▸ **SUPPLIED RECORDS**:

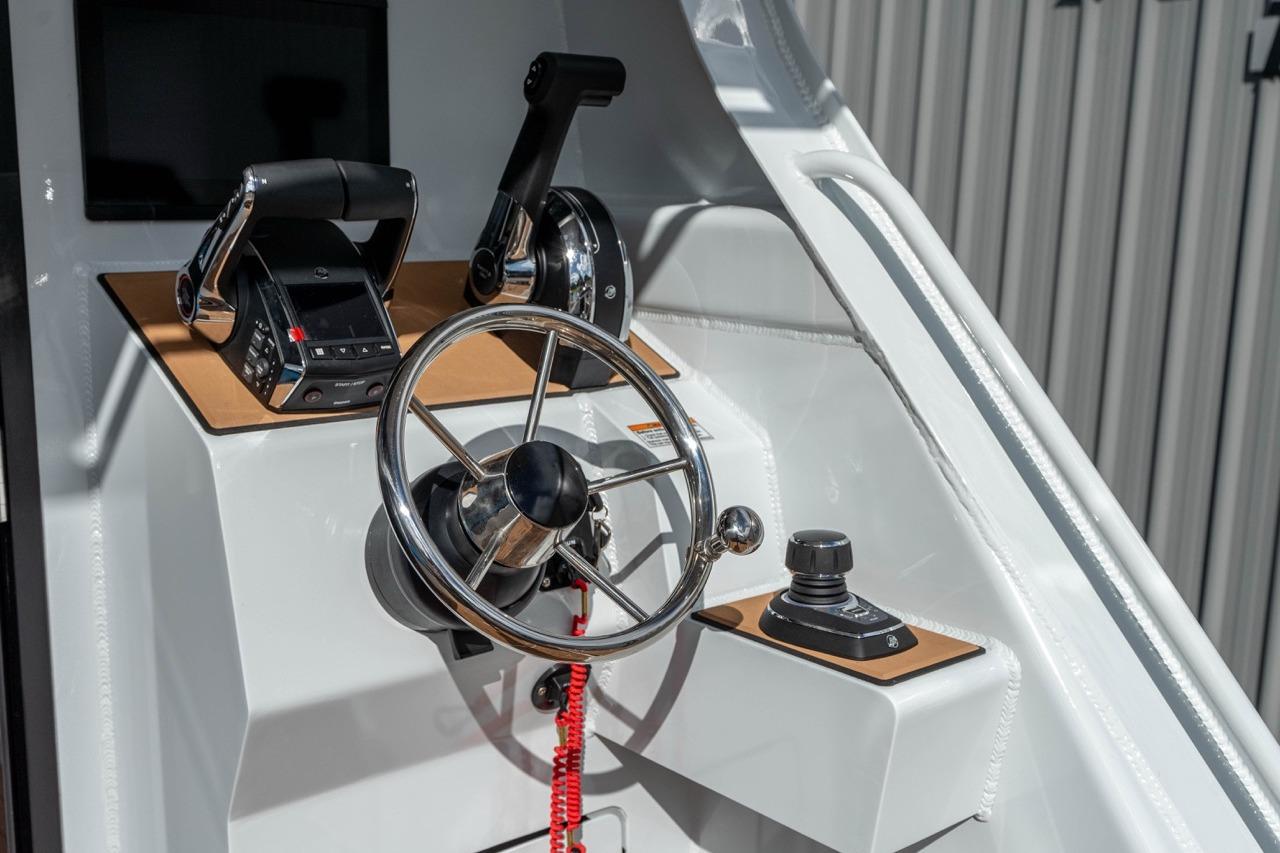 Steering console of 2025 Makaira Gen 3 36 boat with modern controls and wheel.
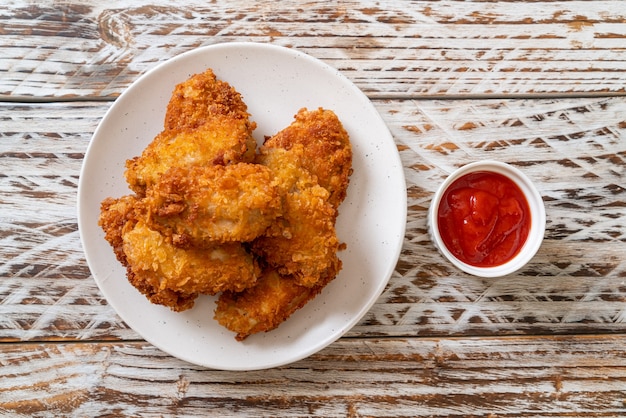 fried chicken wings with ketchup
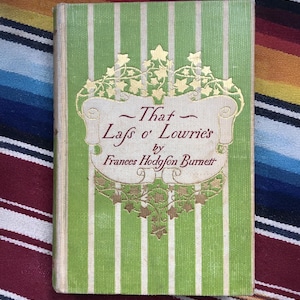 May include: A vintage book titled "That Lass o' Lowrie's" by Frances Hodgson Burnett. The cover features a green and white striped pattern with gold decorative elements and text. The book's cover is slightly worn.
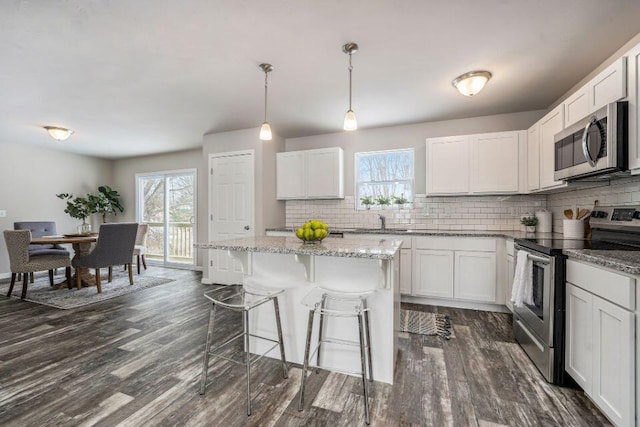 kitchen with plenty of natural light, white cabinets, and appliances with stainless steel finishes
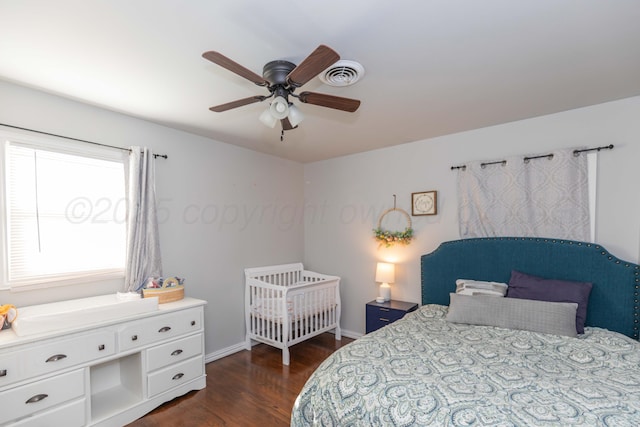 bedroom featuring dark wood-style floors, baseboards, and ceiling fan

▸ **WORK INSTRUCTIONS**: Could you copy the lines above exactly and skip the images?

▸ **OUTPUT BELOW**:
 Steering console of 2025 Makaira Gen 3 36 boat with modern controls and wheel.
 fried chicken wings with ketchup
 May include: A vintage book titled "That Lass o' Lowrie's" by Frances Hodgson Burnett. The cover features a green and white striped pattern with gold decorative elements and text. The book's cover is slightly worn.
 kitchen with plenty of natural light, white cabinets, and appliances with stainless steel finishes
 bedroom featuring dark wood-style floors, baseboards, and ceiling fan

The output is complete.